Israel welcomed the G8 resolution as a legitimization of its attack on Lebanon. Livni stated, “Israel concurs with the position of the international community, which places responsibility for the conflict on extremist elements. Israel and the international community share a common problem—the presence of extremist terrorists.”

As far as the Olmert government is concerned, the realization of a Greater Israel, including the permanent annexation of most of the West Bank and the Golan Heights, demands the crushing of all resistance by the Palestinians and the Lebanese. Of necessity, it requires military action against Syria and ultimately Iran. Since the fall of the Baathist regime in Iraq, Iran is Israel’s only serious contender as a regional power.

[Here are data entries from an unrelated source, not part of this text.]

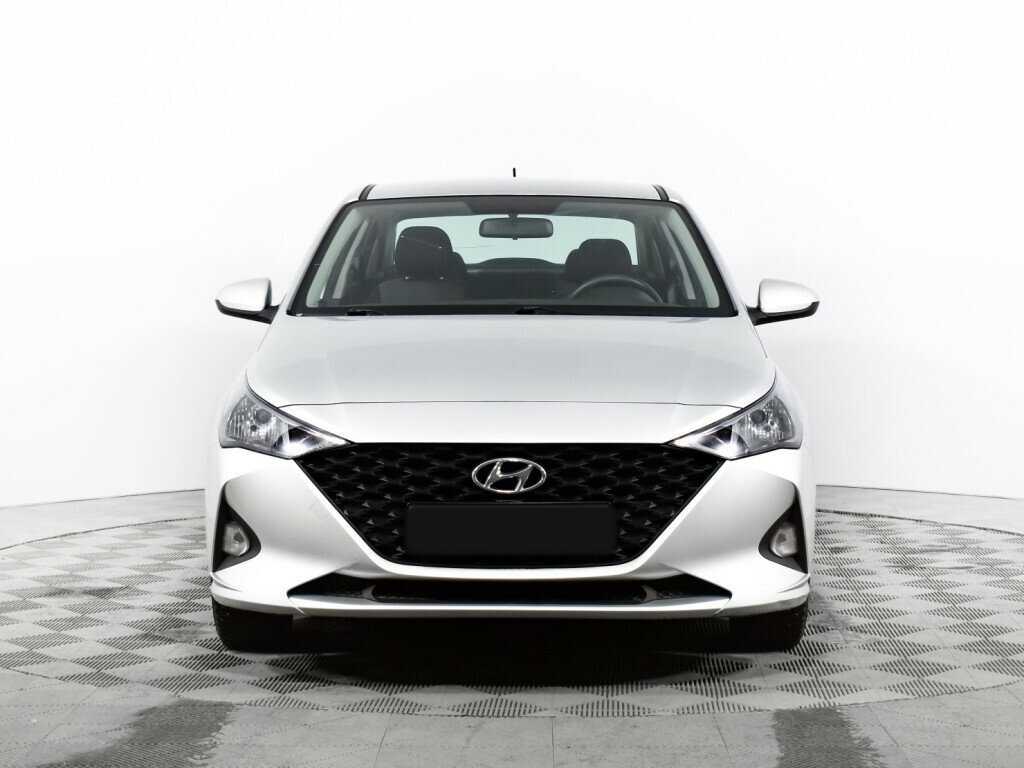 Hyundai Solaris б/у, 2021, Автоматическая. Фото: #1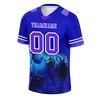 Custom Blue 3D Pattern Purple Personalized Authentic Football Jersey FBJ02-bc0fae7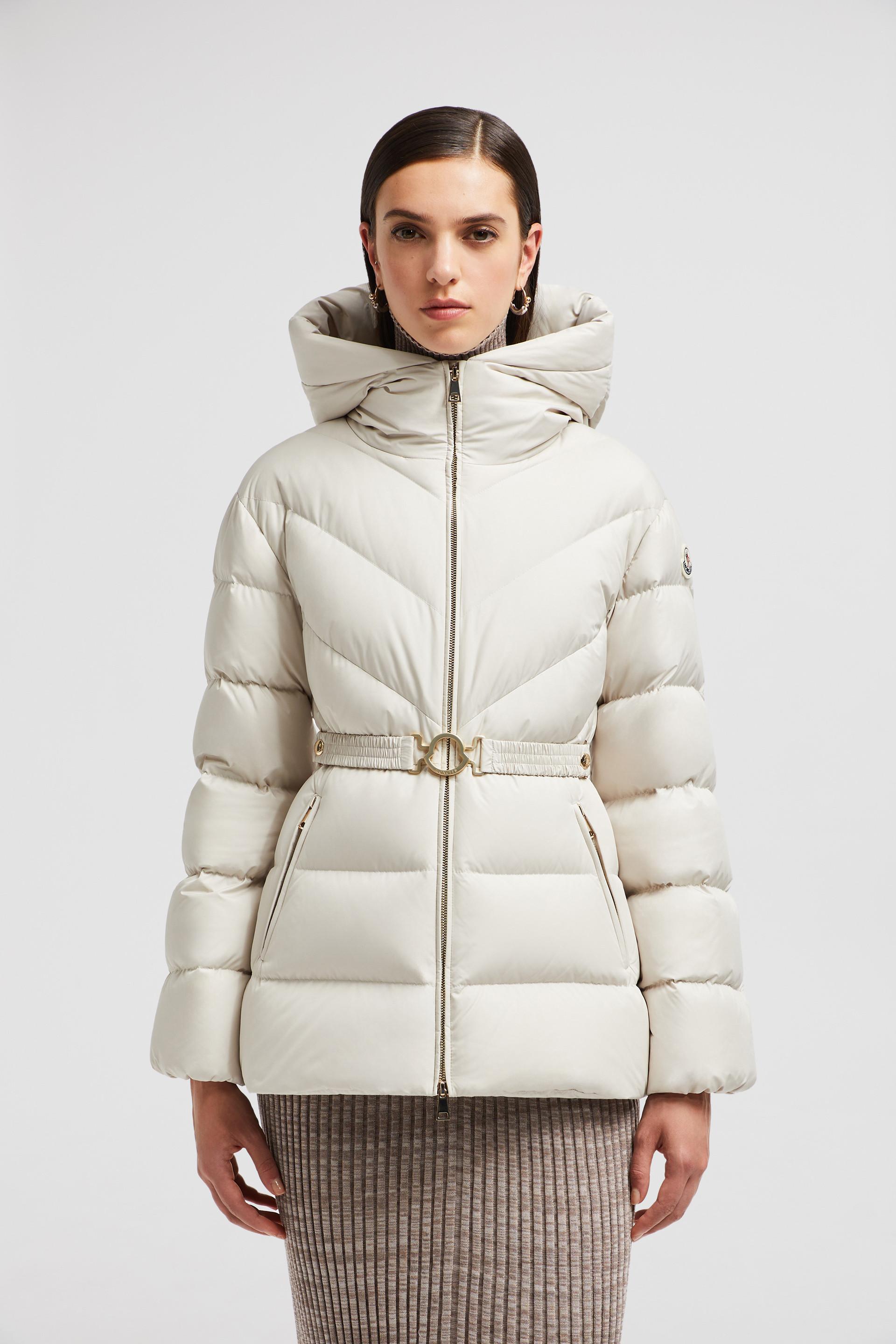 正規★MONCLER GRANGE DIAGONAL-QUILTED ショートダウン Black Grange Diagonal-Quilted Short Down Jacket - Short Down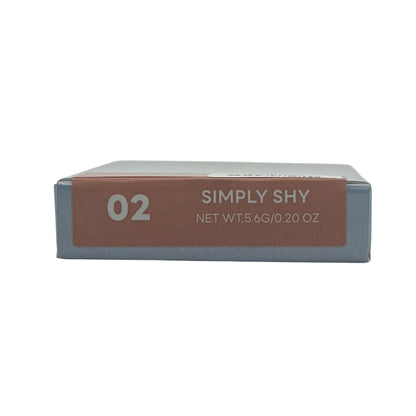 Febble Dewy Cloudy Cream Cheek Duo - 02A 5.6g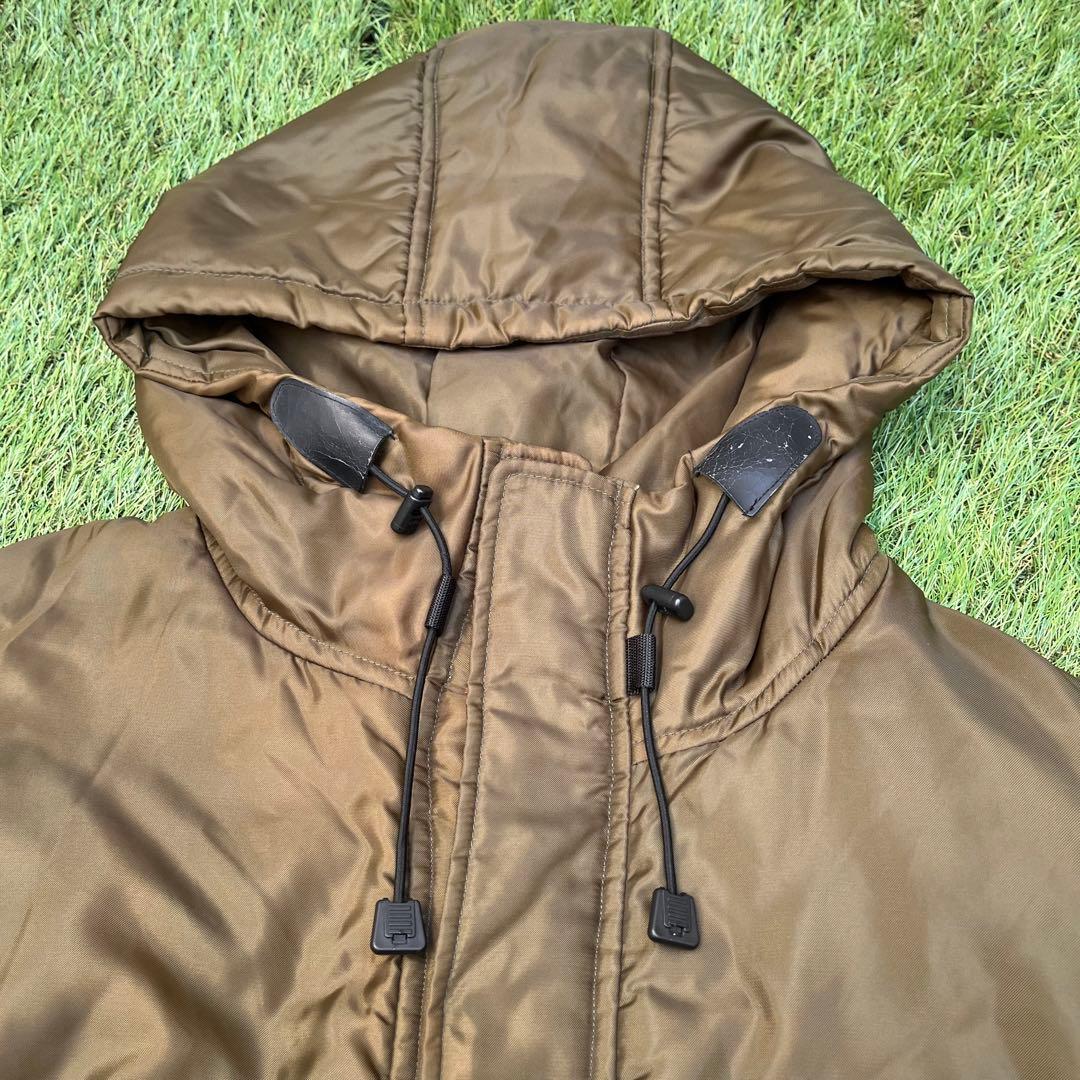 FINAL  90's アーカイブ　中綿ジャケット　ドローコード有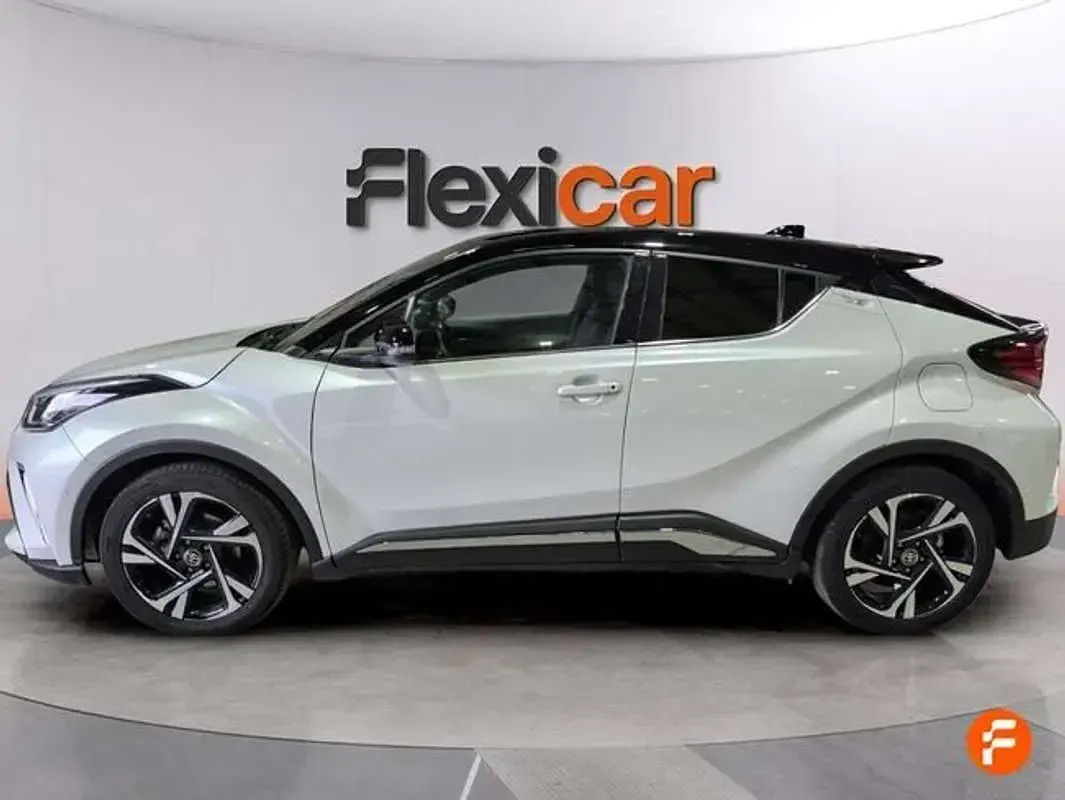 Usado Toyota C-HR Advance 184 CV (135 kW) 2022 Blanco SUV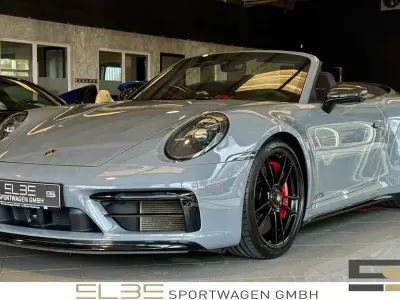 Gebraucht Porsche 992 480 PS (353 kW) 2024 Grau Cabrio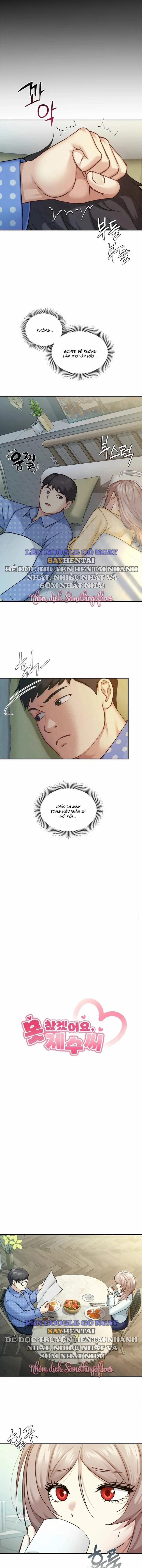 Em Không Nhịn Được Nữa Đâu, Chị Dâu à! 6 trang 1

The Bush administration has accused Damascus and Tehran of masterminding the actions of Hezbollah and Hamas at a time when it is pushing for international sanctions against Iran and meeting resistance from Russia and China. It sees Israeli aggression against Gaza and Lebanon as a means of furthering its own geo-strategic agenda in the Middle East.

An editorial in the July 18 Jerusalem Post, which supports the most hawkish elements within the Olmert government, stressed the unity of purpose between Israel and the US. It was entitled “Bush’s Brilliant Thought.”

After hailing the G8 resolution for “mentioning Hizbullah and Hamas by name and Iran and Syria by implication,” it praised Bush and Blair for being “more explicit” in identifying “the ‘root cause’ of the problem, namely Iran and Syria.”

It drew attention, in particular, to Bush’s statement, “[T]here seems to be a consensus growing that in order for us to have the peace we want... we must deal with... two nation states that are very much involved with stopping the advance of peace, and that would be Iran, and that would be Syria.”

The Post commented, “It has been the case for decades, but it is finally dawning on the world, that there are not two conflicts—the Arab-Israeli conflict and the Islamist-Western conflict—but one. As John Gibson, a commentator for Fox News, put it, ‘When the Iranians get nukes this ruckus we’re witnessing today will look like a walk in the park... It seems like a war between Israel and some terror groups. It’s really a war by Iran on us.’”

The editorial concluded: “As of Sunday, [Israel Defence Forces] sources stated that Israel had eliminated about 25 percent of Hizbullah’s missile capacity. Defense Minister Amir Peretz has said that Israel requires another week or two to finish the job...

“If Israel succeeds in destroying Hizbullah, it will have done the world, not only ourselves, a great favour. Bush and Blair, and perhaps other leaders, seem to understand this, and that the broader task of free nations is to confront Hizbullah’s sponsors in Damascus and Teheran.”

Even as Israeli bombs and missiles continue to rain on Beirut and other cities and towns in Lebanon, the US is working for a new resolution in the UN Security Council that will provide a legal fig leaf not only for intensified attacks on Hezbollah, but also for future military actions against Syria and Iran.